Piece description from the artist
God gave me no choice.
The artwork that I make today isn’t much different than what it was when I was five. I work scribbly and violently much like a five year-old. I use outlined shapes and then color them in badly. I work on any materials that I find laying around; I draw on my walls. As far as I see it, I was meant to make visual art.
On a stormy night in NYC, a friend of mine snapped a picture of this scene and emailed me the image because he thought it would be inspiration for a painting. I’m glad he did, because it’s one of my favorites.
This is a TurningArt exclusive limited edition print available in editions of 100.
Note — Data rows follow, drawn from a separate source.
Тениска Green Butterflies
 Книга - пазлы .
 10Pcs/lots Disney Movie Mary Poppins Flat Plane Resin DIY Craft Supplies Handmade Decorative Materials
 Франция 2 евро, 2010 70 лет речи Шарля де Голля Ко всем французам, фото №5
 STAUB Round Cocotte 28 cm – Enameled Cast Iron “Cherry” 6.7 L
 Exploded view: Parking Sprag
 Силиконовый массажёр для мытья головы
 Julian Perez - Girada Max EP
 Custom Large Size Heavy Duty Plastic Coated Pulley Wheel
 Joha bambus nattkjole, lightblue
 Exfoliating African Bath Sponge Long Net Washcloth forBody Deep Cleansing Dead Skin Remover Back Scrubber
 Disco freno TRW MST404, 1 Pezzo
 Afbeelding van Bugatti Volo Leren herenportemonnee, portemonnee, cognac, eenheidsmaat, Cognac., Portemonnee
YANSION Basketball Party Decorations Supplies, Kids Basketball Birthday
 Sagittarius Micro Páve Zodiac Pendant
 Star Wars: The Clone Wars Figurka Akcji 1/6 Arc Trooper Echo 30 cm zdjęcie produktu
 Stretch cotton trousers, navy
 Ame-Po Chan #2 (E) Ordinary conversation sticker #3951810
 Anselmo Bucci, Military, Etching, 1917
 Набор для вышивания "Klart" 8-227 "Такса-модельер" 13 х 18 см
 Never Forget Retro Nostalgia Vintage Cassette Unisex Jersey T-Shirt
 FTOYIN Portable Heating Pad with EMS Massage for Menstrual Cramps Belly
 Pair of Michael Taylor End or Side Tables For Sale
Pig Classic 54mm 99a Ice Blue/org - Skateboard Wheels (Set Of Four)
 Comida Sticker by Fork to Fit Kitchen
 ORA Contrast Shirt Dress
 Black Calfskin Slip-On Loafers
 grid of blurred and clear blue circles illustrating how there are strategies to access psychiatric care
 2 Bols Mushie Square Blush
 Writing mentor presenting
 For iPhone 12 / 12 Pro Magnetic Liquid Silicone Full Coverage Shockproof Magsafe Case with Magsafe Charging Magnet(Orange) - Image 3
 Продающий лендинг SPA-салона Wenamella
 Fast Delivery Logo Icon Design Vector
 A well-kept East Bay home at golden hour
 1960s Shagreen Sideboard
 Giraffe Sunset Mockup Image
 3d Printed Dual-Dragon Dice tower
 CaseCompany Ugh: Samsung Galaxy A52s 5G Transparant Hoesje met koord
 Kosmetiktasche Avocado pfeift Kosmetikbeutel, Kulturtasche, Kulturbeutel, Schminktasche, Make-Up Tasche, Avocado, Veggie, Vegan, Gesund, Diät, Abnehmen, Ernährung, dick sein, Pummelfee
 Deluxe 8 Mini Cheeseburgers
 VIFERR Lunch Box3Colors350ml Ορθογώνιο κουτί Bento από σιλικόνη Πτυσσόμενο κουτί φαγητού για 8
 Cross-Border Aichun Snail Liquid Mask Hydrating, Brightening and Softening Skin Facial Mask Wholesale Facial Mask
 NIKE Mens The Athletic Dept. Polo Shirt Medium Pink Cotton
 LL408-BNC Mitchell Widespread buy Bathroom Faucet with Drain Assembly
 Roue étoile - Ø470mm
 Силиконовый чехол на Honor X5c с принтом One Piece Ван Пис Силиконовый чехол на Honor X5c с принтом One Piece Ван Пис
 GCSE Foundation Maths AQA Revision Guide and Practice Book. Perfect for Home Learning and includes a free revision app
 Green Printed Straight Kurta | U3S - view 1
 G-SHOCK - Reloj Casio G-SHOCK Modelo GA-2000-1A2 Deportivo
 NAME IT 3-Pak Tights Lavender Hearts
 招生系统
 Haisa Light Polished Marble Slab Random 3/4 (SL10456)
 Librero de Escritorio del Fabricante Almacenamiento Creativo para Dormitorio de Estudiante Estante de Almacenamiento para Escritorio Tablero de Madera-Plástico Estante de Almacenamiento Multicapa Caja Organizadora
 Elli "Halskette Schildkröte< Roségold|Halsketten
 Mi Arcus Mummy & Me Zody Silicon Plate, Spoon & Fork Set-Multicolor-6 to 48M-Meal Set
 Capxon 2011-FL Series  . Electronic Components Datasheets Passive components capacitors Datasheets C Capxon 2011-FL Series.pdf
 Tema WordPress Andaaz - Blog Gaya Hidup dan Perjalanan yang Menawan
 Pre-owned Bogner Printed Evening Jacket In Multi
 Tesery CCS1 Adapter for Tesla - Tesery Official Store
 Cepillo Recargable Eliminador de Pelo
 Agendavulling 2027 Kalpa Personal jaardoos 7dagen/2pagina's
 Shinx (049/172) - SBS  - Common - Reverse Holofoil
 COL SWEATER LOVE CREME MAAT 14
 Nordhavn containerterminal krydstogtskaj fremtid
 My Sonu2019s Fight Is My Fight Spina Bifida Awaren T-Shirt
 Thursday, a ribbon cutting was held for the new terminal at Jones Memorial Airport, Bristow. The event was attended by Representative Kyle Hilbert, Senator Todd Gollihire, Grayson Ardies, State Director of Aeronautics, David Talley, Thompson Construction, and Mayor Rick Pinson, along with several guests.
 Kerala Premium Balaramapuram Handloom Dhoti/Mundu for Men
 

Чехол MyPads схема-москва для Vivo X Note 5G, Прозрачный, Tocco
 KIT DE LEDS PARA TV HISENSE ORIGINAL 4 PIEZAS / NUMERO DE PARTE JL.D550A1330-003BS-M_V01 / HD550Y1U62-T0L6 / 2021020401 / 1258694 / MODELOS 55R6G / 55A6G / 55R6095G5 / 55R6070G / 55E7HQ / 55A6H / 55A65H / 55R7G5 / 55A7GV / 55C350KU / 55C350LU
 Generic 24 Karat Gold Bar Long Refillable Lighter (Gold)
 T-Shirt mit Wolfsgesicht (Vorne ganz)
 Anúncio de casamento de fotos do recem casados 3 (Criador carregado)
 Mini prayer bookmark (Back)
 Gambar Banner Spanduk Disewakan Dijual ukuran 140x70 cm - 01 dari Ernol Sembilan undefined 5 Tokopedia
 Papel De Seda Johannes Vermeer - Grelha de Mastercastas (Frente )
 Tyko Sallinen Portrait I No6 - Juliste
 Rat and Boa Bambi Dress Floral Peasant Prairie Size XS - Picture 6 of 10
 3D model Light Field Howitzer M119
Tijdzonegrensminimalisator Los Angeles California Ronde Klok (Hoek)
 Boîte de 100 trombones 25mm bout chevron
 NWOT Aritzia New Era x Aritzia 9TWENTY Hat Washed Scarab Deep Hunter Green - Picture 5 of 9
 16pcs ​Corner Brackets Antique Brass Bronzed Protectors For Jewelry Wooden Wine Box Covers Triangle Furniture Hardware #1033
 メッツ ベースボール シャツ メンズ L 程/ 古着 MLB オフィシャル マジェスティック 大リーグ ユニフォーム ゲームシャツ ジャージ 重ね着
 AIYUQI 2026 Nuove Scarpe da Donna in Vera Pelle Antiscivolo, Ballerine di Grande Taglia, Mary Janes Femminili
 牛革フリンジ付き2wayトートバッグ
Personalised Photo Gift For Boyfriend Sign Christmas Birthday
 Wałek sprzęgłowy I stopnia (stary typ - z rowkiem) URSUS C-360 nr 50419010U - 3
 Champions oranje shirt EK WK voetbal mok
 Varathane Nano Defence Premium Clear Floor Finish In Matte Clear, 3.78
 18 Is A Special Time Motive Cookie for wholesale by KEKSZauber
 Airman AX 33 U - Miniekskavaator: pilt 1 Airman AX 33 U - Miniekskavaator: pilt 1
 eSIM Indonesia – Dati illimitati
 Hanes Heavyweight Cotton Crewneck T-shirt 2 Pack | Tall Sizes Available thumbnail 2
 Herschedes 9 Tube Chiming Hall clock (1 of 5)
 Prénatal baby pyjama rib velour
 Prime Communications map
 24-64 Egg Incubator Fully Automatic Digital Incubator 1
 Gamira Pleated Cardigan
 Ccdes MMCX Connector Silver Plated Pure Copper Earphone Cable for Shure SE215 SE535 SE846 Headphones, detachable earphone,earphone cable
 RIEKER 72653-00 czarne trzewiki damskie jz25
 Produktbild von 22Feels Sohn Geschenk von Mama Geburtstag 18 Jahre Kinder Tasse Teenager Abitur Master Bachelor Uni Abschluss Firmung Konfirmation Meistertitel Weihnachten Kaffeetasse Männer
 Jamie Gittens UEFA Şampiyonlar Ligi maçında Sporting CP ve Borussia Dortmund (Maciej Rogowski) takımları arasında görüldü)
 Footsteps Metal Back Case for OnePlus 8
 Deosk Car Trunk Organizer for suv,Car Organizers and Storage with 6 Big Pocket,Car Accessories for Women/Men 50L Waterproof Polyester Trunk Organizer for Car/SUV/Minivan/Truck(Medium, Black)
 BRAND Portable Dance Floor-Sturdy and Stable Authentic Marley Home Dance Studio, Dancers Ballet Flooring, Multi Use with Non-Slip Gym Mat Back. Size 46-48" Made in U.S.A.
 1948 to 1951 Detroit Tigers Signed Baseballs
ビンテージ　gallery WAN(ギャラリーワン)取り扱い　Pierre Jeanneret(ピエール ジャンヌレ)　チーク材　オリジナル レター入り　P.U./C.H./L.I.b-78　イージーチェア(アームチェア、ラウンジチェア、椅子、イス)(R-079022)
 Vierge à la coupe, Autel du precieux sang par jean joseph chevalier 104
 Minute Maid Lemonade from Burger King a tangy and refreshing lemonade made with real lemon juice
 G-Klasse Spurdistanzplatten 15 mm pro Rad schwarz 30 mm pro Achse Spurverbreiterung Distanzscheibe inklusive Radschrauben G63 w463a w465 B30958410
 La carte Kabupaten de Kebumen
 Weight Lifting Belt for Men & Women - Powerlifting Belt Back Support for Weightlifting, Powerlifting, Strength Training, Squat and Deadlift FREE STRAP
Adam O’Day has been known to paint expressionistic and impressionistic views of famous cities around the world, especially his beloved Bean Town. He'll throw the occasional fantasy-based painting in there for his own enjoyment too. However you slice it, he is painting our world and the worlds existing in his mind the same way, with gestural, expressive emotion.
In the past few years, Adam has started to focus on painting what a scene feels like, not necessarily what it literally looks like. There are elements of reality, mixed with elements of other worlds, dreams and nightmares. When painting a landscape, he'll sketch from life, using pictures and then work from memory. His scenes look familiar, but feel like a memory because he puts the finishing touches on each piece without focusing on what it looks like, instead portraying what it feels like and what he remember about it. His painting philosophy begs the question "Why paint something exactly how it looks?" He feels that if that's what you're after, you might as well take a photo.
Most recently, Adam has developed his philosophy and style to take the "paint what you feel mantra," add oil paint, and twist it with a new perspective. He paints everyday urban scenes of familiar subject matter, but then taps into his imagination to portray it through the eyes of someone from another, unknown dimension. Adam uses color as value through what he calls "alien color schemes". His current body of work delves deeper into the realm of abstraction, forgoing the limitations formal representation to create something truly expressive.
In short, Adam says that when he has an idea, he paints it without a second thought. He's come to realize that his first idea is always the most exciting.